**EXERCISE REQUIREMENTS**
Find the line below with "Постільна білизна Covebett" and the line with "Miniatura 4 de". Output them and the lines between, exactly, but not the pictures.

**DATA EXTRACTS**
□ □ □

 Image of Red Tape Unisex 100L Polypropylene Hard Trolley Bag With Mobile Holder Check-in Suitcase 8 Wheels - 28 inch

□ □ □

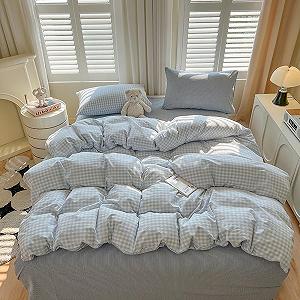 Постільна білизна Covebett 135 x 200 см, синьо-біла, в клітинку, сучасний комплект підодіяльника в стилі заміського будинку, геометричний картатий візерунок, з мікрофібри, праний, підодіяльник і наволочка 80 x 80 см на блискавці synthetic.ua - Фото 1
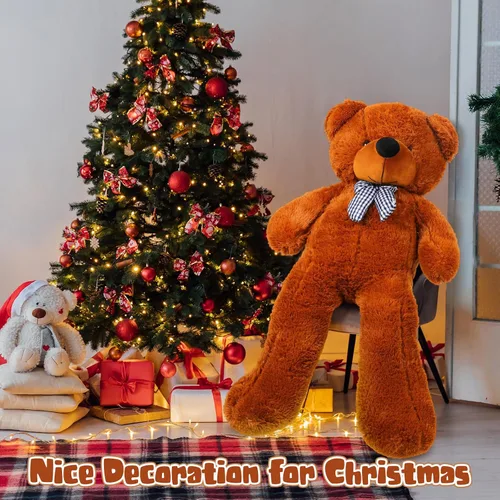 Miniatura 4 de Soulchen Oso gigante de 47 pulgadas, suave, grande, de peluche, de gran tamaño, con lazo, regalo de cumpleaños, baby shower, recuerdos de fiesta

□ □ □

**RESPONSE**
 Постільна білизна Covebett 135 x 200 см, синьо-біла, в клітинку, сучасний комплект підодіяльника в стилі заміського будинку, геометричний картатий візерунок, з мікрофібри, праний, підодіяльник і наволочка 80 x 80 см на блискавці synthetic.ua - Фото 1
 Miniatura 4 de Soulchen Oso gigante de 47 pulgadas, suave, grande, de peluche, de gran tamaño, con lazo, regalo de cumpleaños, baby shower, recuerdos de fiesta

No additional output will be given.